With that vote, shareholders recognized something that working people have known for years – CEO compensation has reached embarrassing levels.

In 1980, CEOs of large U.S. companies made 42 times the average wages of workers.

In 2011, the ratio of CEO-to-worker pay had widened to an astonishing 380 times.

And while the top 1 percent are seeing their pay skyrocket, – CEOs of S&P 500 companies last year received an average increase of 14 percent in pay – 51,307 Mainers are still seeking steady employment.

The average income for working families in our state is only $40,190, and wages are barely keeping up with inflation.

When the economy took a turn for the worse a few years ago, we the public bailed out big corporations, which turned around and rewarded their CEOs and executives responsible for the crisis with fat bonuses.

Meanwhile, hundreds of thousands of workers across the country lost their jobs.

Not since the Great Depression have we seen this level of income inequality between those in the executive suite and those on the shop floor.

This income inequality is smothering our economy.

We know that to spur economic growth and job creation, workers need money in their pockets.

When average wages are going down and the money is in the hands of a few, the economy stalls.

We have a healthier, stronger economy when workers are well compensated for their hard work.

When nurses, shipbuilders, paper makers, teachers, firefighters, electricians and all workers have good wages and can spend money, more jobs will be created in our local economy.

That’s good for everybody.

We all work hard and we work best when we work together.

Success is the result of cooperative efforts of many people.

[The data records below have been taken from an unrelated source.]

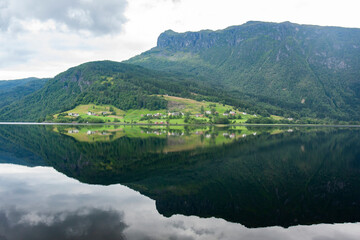 Fototapeta premium Beautiful reflection of the hillside on fjord water surface in Norwegian countryside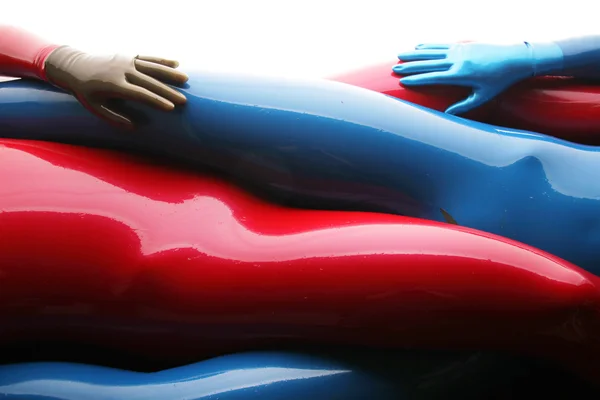 Red and Blue Latex Rubber Catsuit Girls — Stock Photo, Image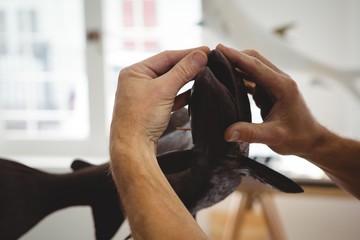 Craftsman working on fish sculpture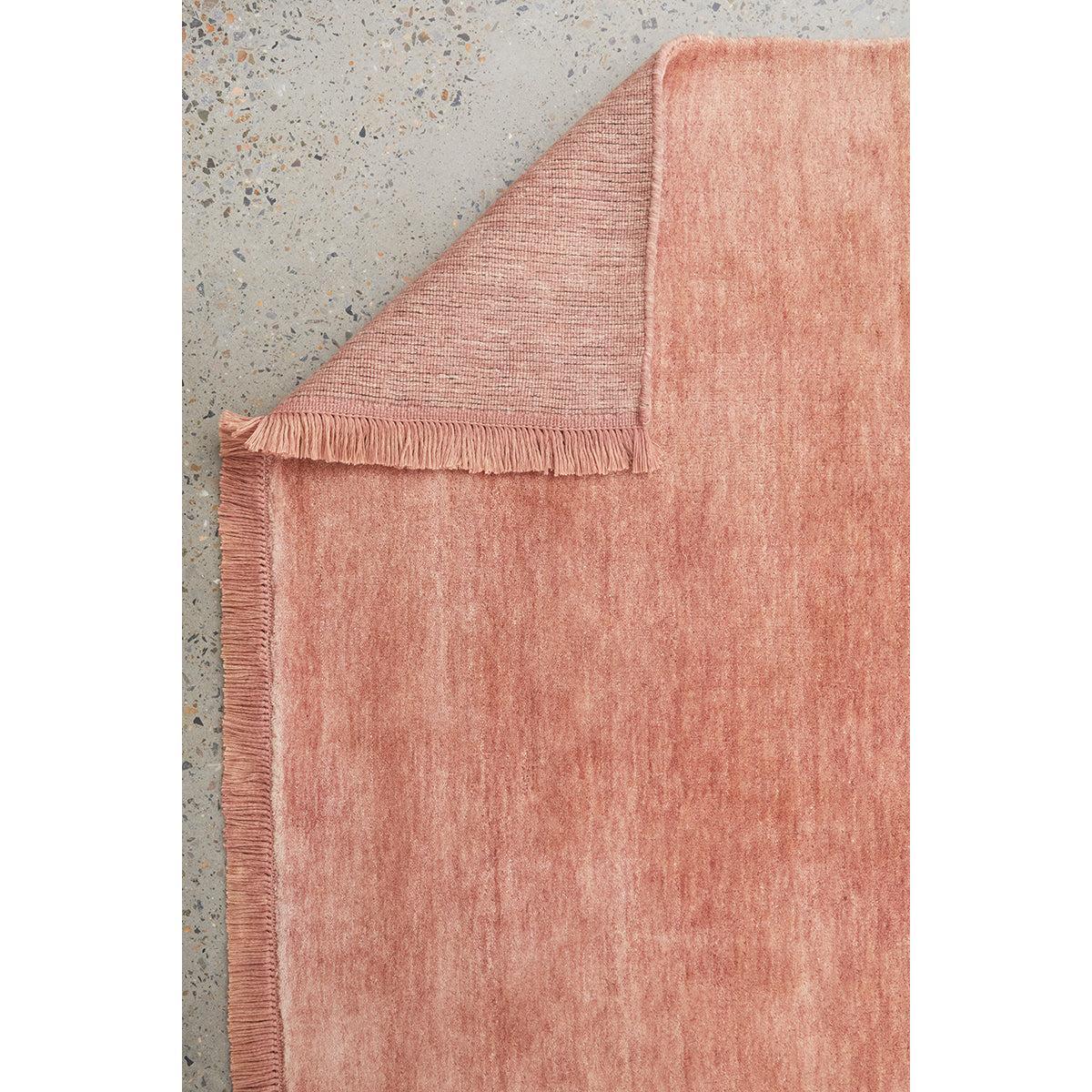 Conscious Loom Kinship Blush Pink Rug featuring solid tonal wash in blush pink, rose pink and peach on light grey background, woven cotton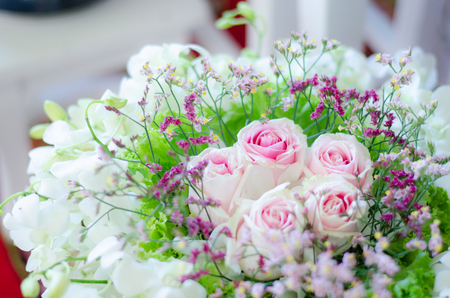 A bouquet of pink roses with pink cactus flowers, surrounded by white orchids.の写真素材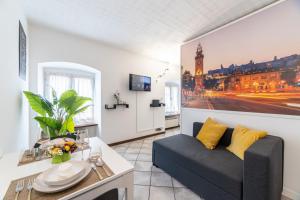 a living room with a couch and a table at Centro storico · Leonardo House in Bergamo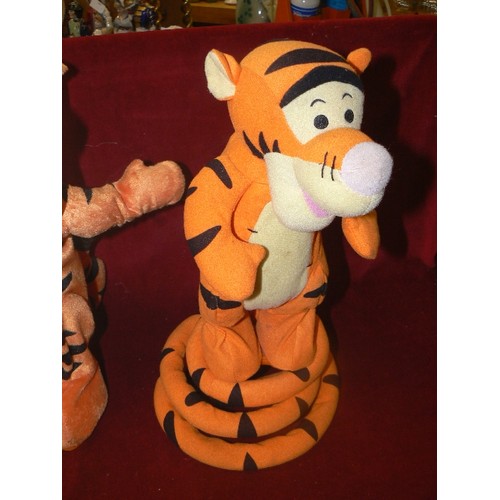 108 - 2 X VINTAGE TIGGERS. BOUNCING MECHANICAL TOYS. WE ARE TOLD THESE ARE WORKING.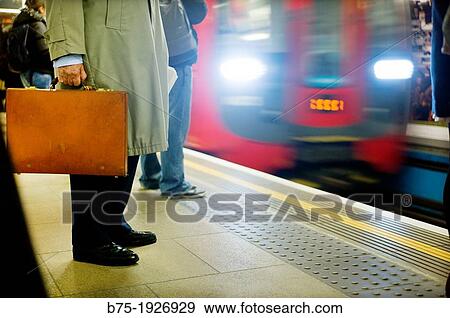 man standing with briefcase in hand on the platform of underground in London, England, UK View Large Photo Image Stock Photo - man standing with briefcase in hand on the platform of underground in London, England, UK. Fotosearch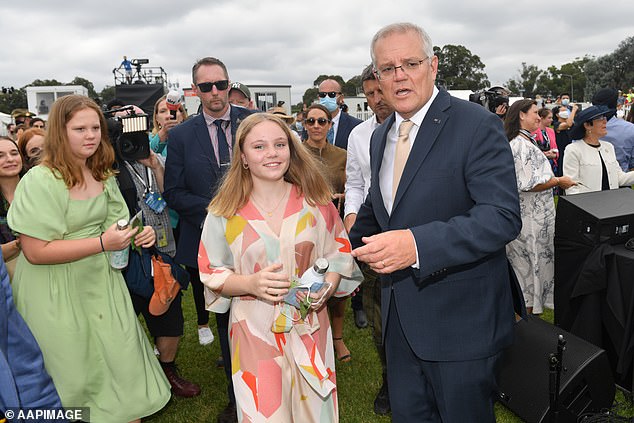 Prime Minister Scott Morrison pictured with his daughters Lily and Abbey after the Australia National Day flag-raising and citizenship ceremony in Canberra on Wednesday, January 26, 2022.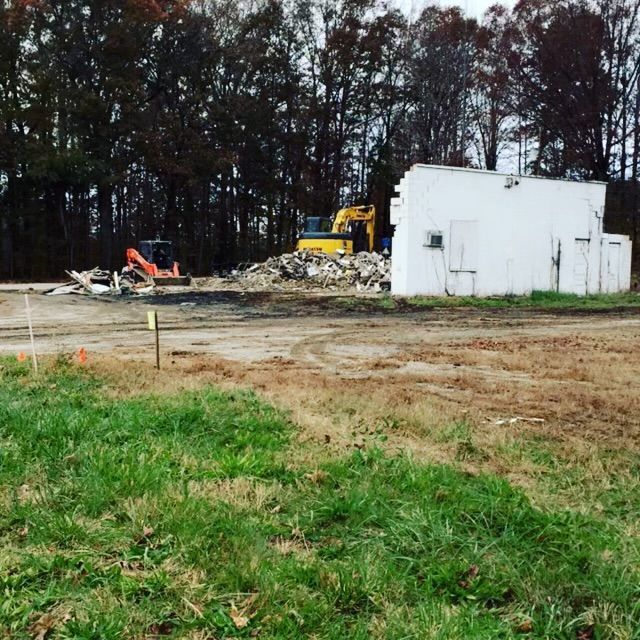 A white building is being demolished with a yellow excavator in the background
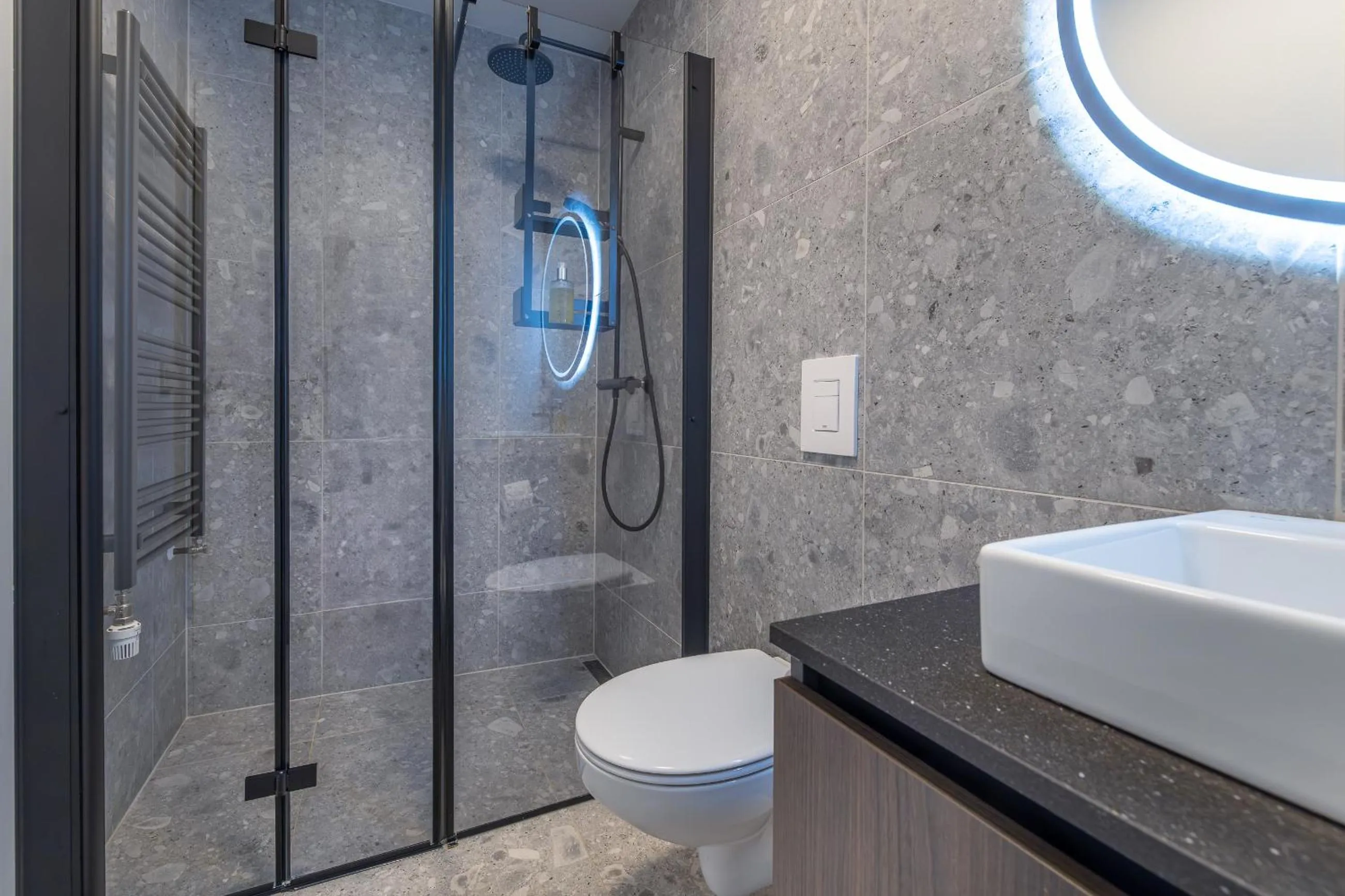 Shower in Hlemmur Suites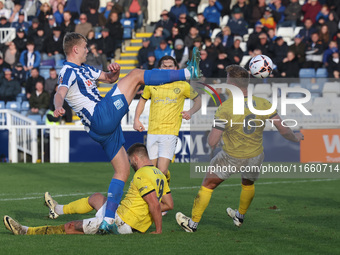 Billy Sass-Davies of Hartlepool United is in action with Brackley Town's Gareth Dean during the FA Cup Fourth Qualifying Round match between...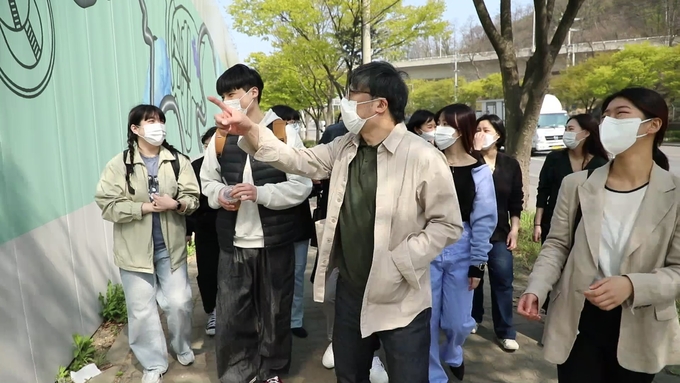작업에 참여한 인하대 조형예술학과 대학원생들이 작품이 그려진 펜스를 둘러보고 있다. ( 사진 = 시티오씨엘 제공 )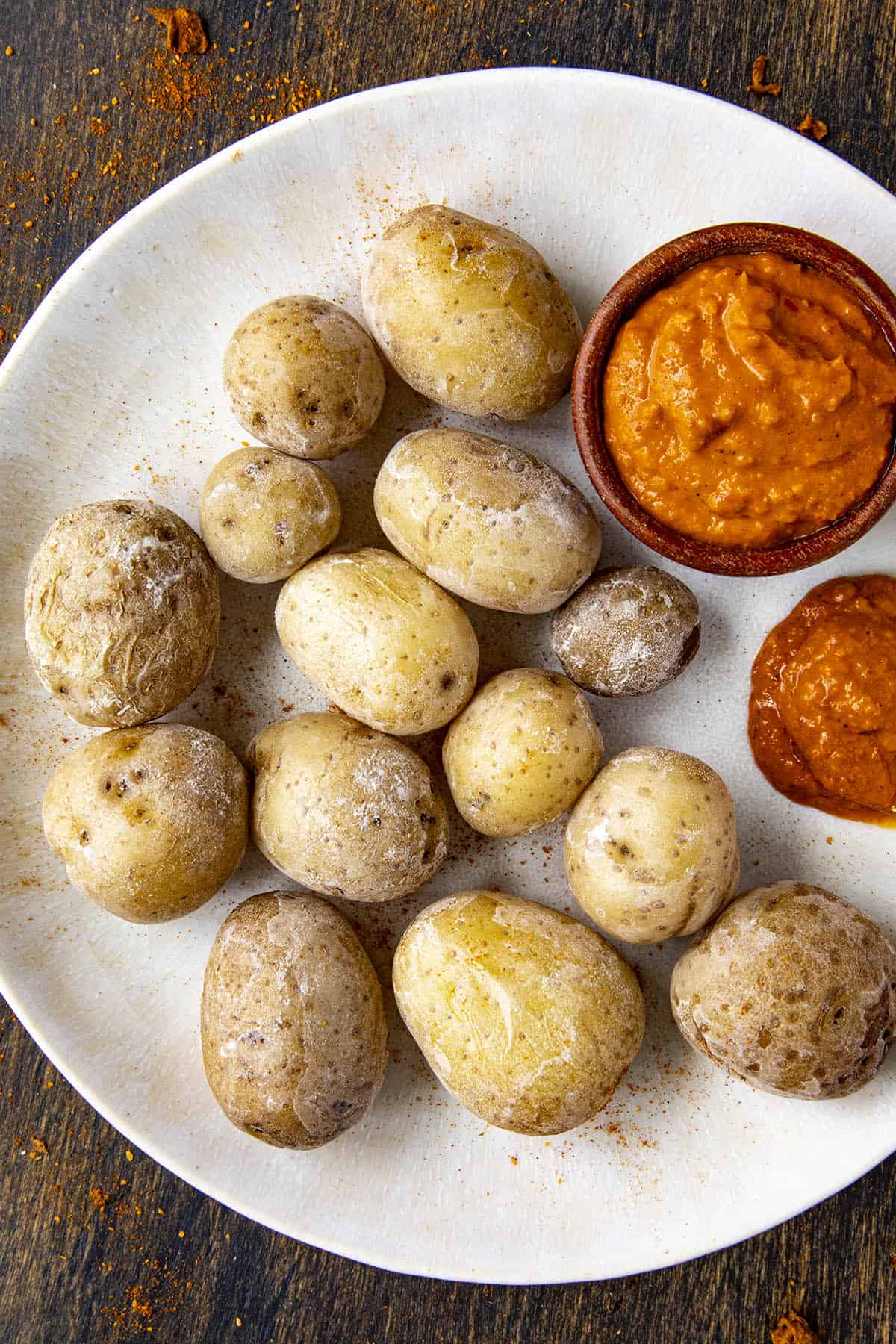Canarian Papas Arrugadas, or wrinkly potatoes appetizer, on a serving plate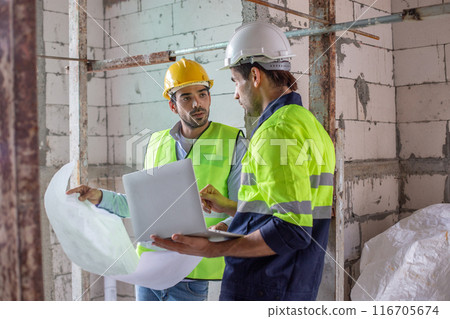 man engineer builder house construction holding blueprint drawing. 116705674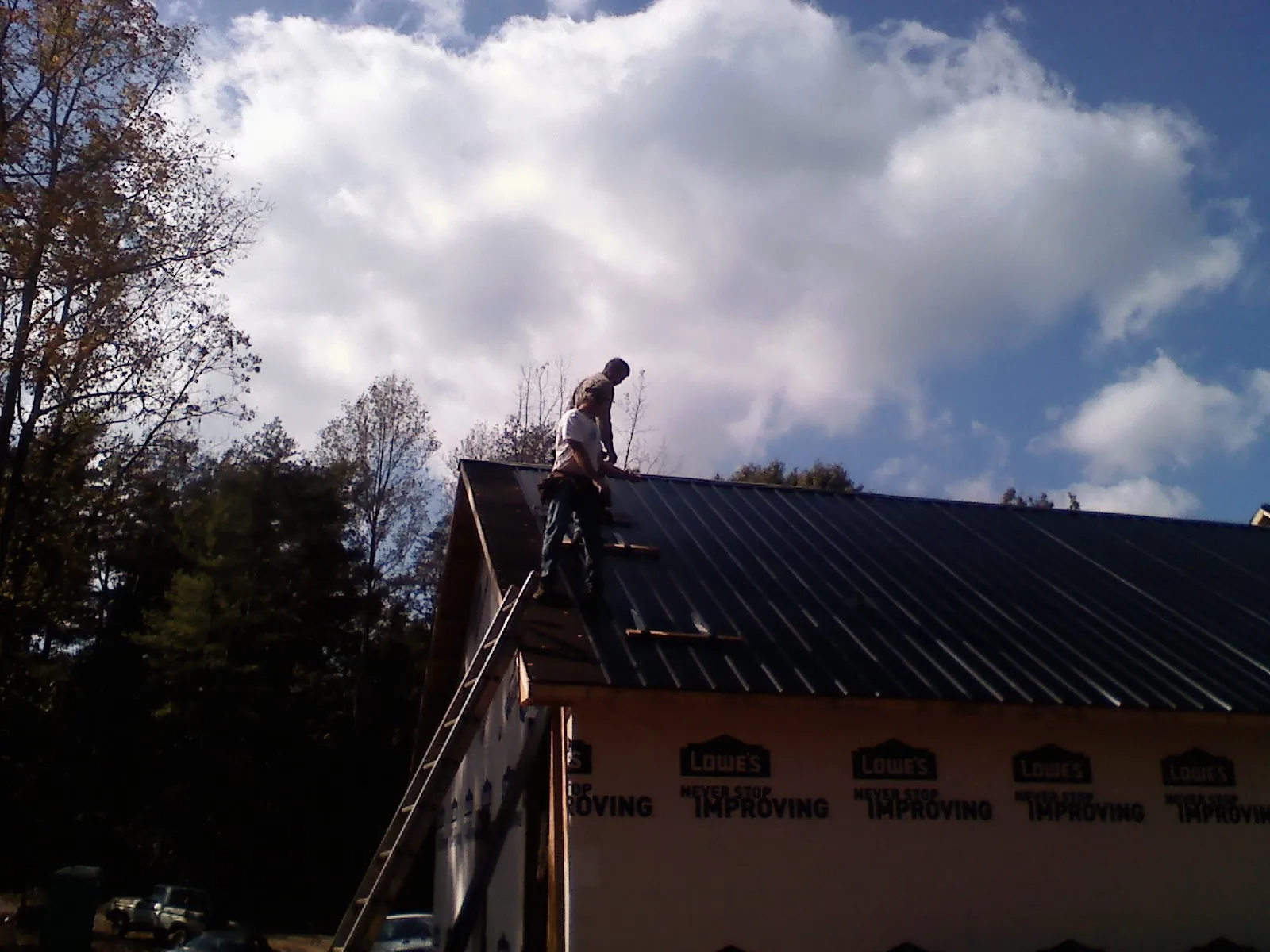 Roofer fastening dark metal panels high against a cloudy sky, from a Roof Inspection job in State College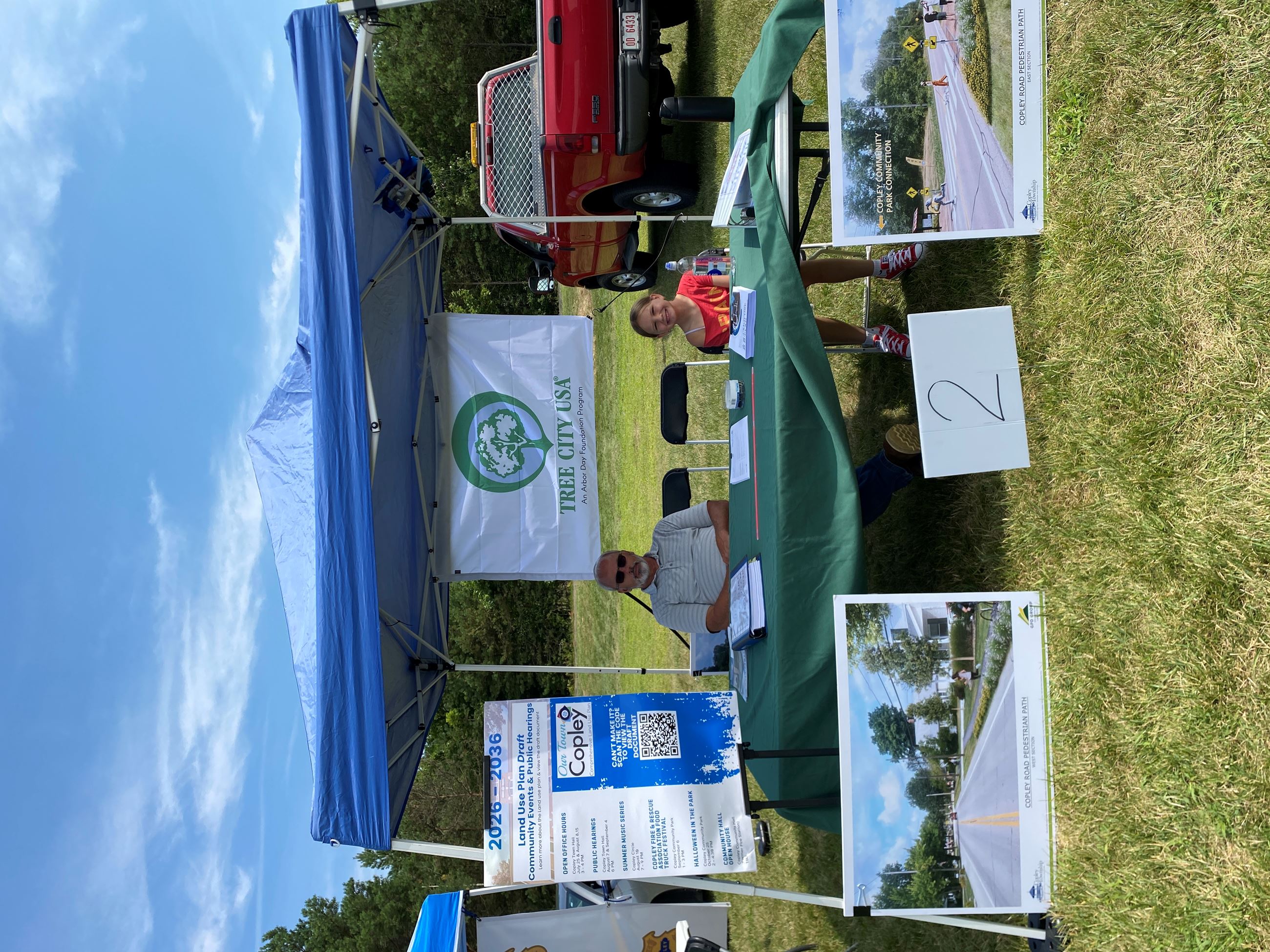 Code Enforcement Officer Jeff Newman and family member Under Blue Copley Tent Displaying the Land Use Plan Draft and Infrastructure Development in the Township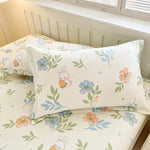 Draps de lit avec motifs floraux pastel et lapins mignons, donnant une atmosphère douce et agréable dans la chambre.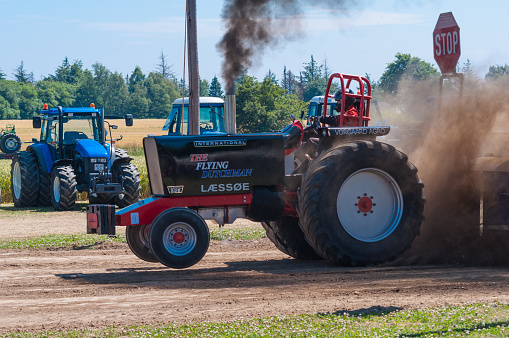 Mon Denmark - July 6. 2014: specially build Tractor pulling competition machine showing how it is done with a wheelie and black smoke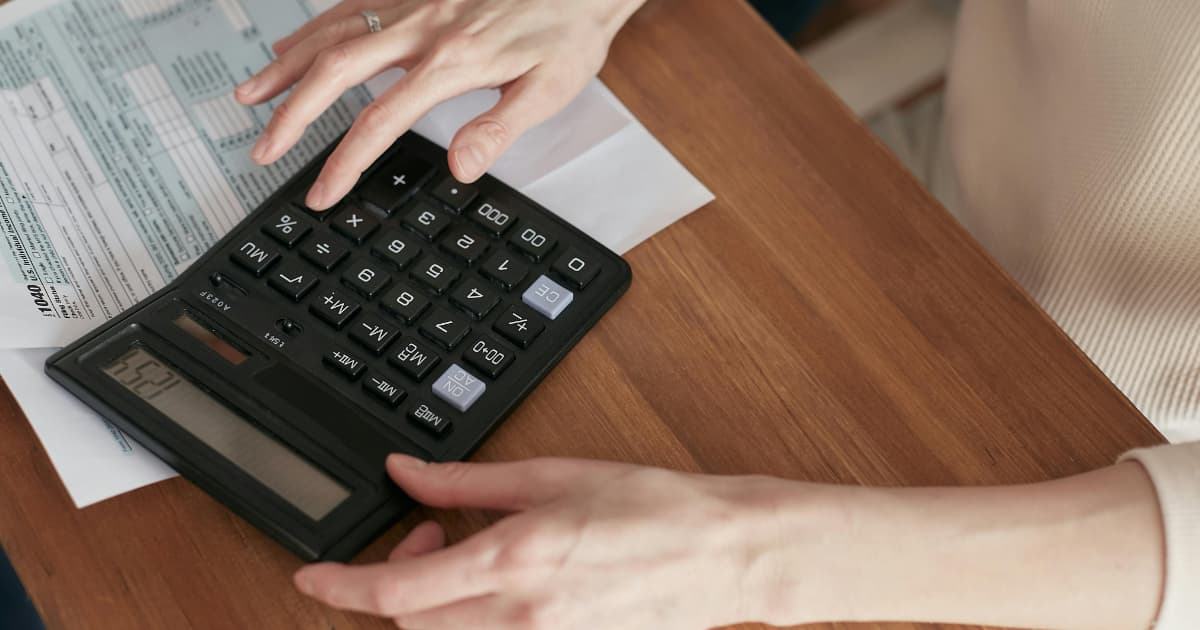 Hands using calculator with tax documents and financial paperwork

No one, including CEOs, could be successful without relying on others.

Everybody in a company works as a member of a team to create value for that company and contribute to the overall success.

There is no justification for one person to earn 380 times that of the average worker.

We need rules that put out-of-control CEO pay in check.

The Dodd-Frank financial reform law enacted by President Obama is an important element of a larger effort to restore balance to out-of-line CEO compensation.

One of its provisions gives shareholders of a company the ability to cast a “say-on-pay” vote.

So far this year, shareholders at five companies, including Citigroup, have voted against CEO pay packages during the 2012 annual meeting season.

But even as more shareholders use “say-on-pay” to rein in executive pay packages, there is still much more work that needs to be done to address this issue head-on.

It’s time for the Securities and Exchange Commission to implement another key piece of the Dodd-Frank Act — a requirement that public companies disclose their ratio of CEO-to-worker pay.

This is a simple and easy way to encourage companies to consider CEO pay in the context of their entire work force and restrain the level of CEO pay.

If a CEO is treated to a windfall after a profitable year, there is no good reason for others at the same company to be left in the dust with minimal raises or no raises at all.

Companies can no longer use the excuse of a bad econ-omy for layoffs and cuts when they give out 14 percent pay increases to the CEO, and hoard record amounts of cash that should go toward creating more jobs, and getting the overall economy back on track.

Ultimately, the economic prosperity of our country is a shared effort and it should be a shared reward.

The priority of elected leaders and business leaders in Maine and across the country should be to restore balance to our economy.

Addressing runaway CEO pay is one key way to begin to do that.